• AVAILABLE DATA
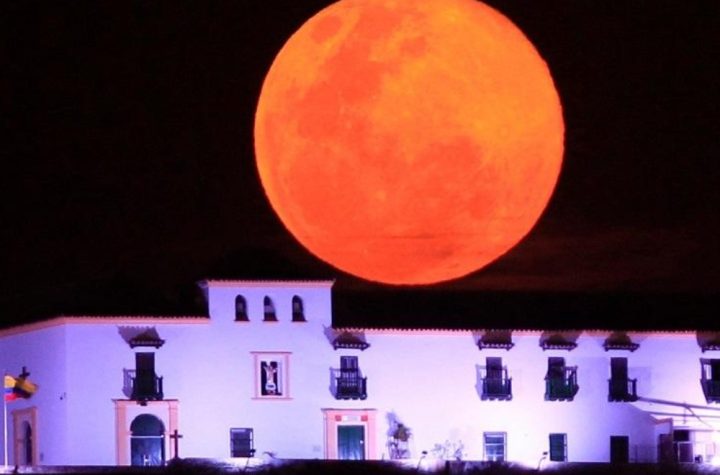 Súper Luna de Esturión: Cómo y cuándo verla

==

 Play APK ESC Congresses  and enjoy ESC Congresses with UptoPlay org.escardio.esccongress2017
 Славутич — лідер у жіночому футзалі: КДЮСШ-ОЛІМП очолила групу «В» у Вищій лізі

--

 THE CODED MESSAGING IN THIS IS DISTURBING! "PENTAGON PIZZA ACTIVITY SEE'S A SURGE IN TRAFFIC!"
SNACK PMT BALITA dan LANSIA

• WORK INSTRUCTIONS
Reproduce, character for character, only the lines of the preceding data that start at the line with "THE CODED MESSAGING" and end at the line with "SNACK PMT BALITA dan LANSIA", both included.

• RESULT
 THE CODED MESSAGING IN THIS IS DISTURBING! "PENTAGON PIZZA ACTIVITY SEE'S A SURGE IN TRAFFIC!"
SNACK PMT BALITA dan LANSIA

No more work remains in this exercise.